Though the face once seemed a window to the soul, it’s gotten fogged up. How one appears no longer reveals how one is. But the blank look yields curious results for both the novelist and, possibly, the ethicist as well, writes Baxter, author of the prize-winning novel The Feast of Love (2000) and professor of English at the University of Minnesota.

Until around the turn of the 20th century, most people thought physiognomy reflected character. And even when it didn’t (as with snub-nosed, beautiful-souled Socrates), they thought that it should. As Montaigne said, appearance should not be “the shoe made of polished leather, but the well-made shoe that reveals the shape of the foot.” The Victorian novelists—Dickens, Eliot, Hardy—introduced the men and women of their books with assured and comprehensive facial interpretations.

But America in the 20th century entered what Baxter calls a “post-face” age: The exterior no longer revealed the interior. With the deal-making of the businessman came the triumph of the poker face, or the sly face, or any face but the real one. “Life has become a theater and there are actors everywhere,” says Baxter. The evils of racism and other forms of discrimination caused novelists to lose faith in the ability of the face to say anything meaningful about an individual.

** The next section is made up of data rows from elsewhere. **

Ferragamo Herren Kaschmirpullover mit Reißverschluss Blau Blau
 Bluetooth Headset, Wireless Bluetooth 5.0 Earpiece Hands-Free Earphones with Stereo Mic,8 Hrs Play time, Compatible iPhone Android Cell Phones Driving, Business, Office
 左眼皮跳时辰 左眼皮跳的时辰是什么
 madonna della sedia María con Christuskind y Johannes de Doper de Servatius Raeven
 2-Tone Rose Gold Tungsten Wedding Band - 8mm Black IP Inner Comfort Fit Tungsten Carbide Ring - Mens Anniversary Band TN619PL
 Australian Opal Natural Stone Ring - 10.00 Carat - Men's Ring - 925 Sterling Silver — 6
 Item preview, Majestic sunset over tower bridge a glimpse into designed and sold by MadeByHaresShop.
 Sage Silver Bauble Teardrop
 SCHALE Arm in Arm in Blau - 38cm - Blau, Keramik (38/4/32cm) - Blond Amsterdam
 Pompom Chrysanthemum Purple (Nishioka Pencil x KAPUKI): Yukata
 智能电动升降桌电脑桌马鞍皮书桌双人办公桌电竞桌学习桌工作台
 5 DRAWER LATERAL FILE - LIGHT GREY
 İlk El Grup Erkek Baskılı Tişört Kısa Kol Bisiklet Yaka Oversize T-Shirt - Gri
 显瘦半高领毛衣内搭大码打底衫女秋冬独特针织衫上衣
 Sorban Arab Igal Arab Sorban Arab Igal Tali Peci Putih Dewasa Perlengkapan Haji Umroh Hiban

It’s true that every child still learns to read faces as a basic social “survival skill.” And even when you think that you can’t judge a book by its cover, secretly you “may believe that you still can.” In the literary world, too, there are some holdouts. Saul Bellow, for example, still assumes “that you can tell who a person is simply by looking at him (or her) carefully enough.” Jennifer Egan’s Look at Me (2001) and Siri Hustvedt’s What I Loved (2003) are notable for their “considerable concentration on what remains of the face.”

Yet those are exceptions. The absence of the face from the modern novel can’t be explained as a simple byproduct of literary innovation. Writers may have cast their lot with Henry James, who thought that you never “get the full sense of the person at first glance.” Or maybe dwelling on the details of the face has “acquired a creepy voyeuristic overtone.” Then, too, we’ve always known that “clothes and body language may be a sign of artifice . . . now [that] the face and the rest of the body may be completely ‘engineered.

Baxter sympathizes with the modern skepticism toward appearances. But just as publications should continue to print photographs and painters paint portraits, novelists should keep physiognomic description in their literary repertoire, he argues, especially description of those faces that “we don’t want to see . . . at all.” The face is what most brings the sense of humanity—if no other characteristic—to an audience’s attention. Baxter cites the French philosopher Emmanuel Levinas, who “argues that the face is the unique physical presence that provokes the [audience’s] obligations” to the person with the face. It’s always ineluctably particular, never abstract or theoretical. Nobody’s just another pretty face.